Since there are two markers on each trial, from the 41 participants, we collected 15,744 marker locations (41 participants × 192 problems × 2 markers), among which 2895 markers were excluded because the participants either did not move the marker or moved it back to the top right corner. In total, we have 12,849 marker locations for our analysis. Among the 2895 markers indicating the absence of an analogous part in the target images, 453 were from within-category problems, and 2442 were from cross-category problems.
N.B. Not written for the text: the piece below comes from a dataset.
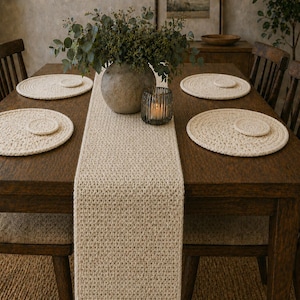 May include: A wooden dining table set with four chairs, a cream-colored crocheted table runner, and matching placemats. A vase with greenery and a candle holder are centered on the table, creating a warm and inviting dining space.
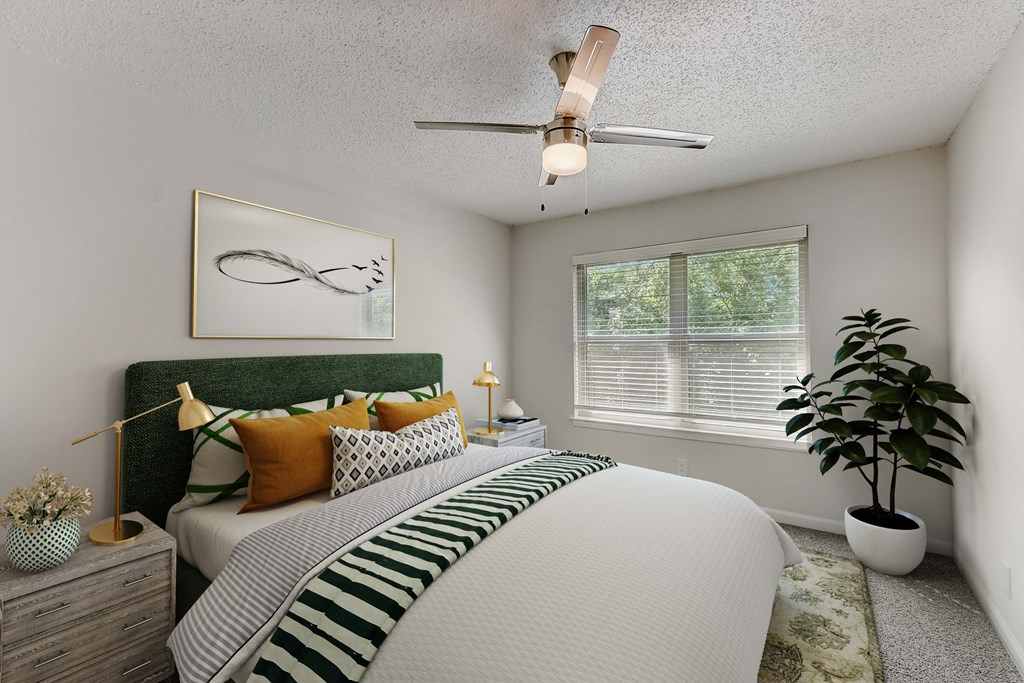 a bedroom with a large bed and a ceiling fan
The dependent measure in our experiment is the marker-offset-from-mean-location. We first computed the mean location (in 2D image space) for each marker in a problem by averaging reported marker locations across participants. We next calculated the Euclidean distance of each individual participant’s marker displacement to the corresponding mean marker location. A smaller distance from the mean location indicates a typical marker location closer to the average; a larger distance indicates an atypical location far away from the mean placement. Hence, the dependent measure naturally captures human response variability in identifying the analogous part of the target image.

For different-superordinate-category problems, visual inspection of the pattern of marker placements across participants (see an example in Fig. 3b) indicated the potential presence of multiple clusters within the responses to a given problem. Therefore, we performed a dip test (with a threshold of p < 0.05) to identify the source markers for which the target markers had a bimodal distribution. For those markers, we then used the KMeans++ algorithm55 to segregate responses into two clusters, and performed an additional analysis based on the average distance to the closest cluster mean.

Reporting summary

Further information on research design is available in the Nature Portfolio Reporting Summary linked to this article.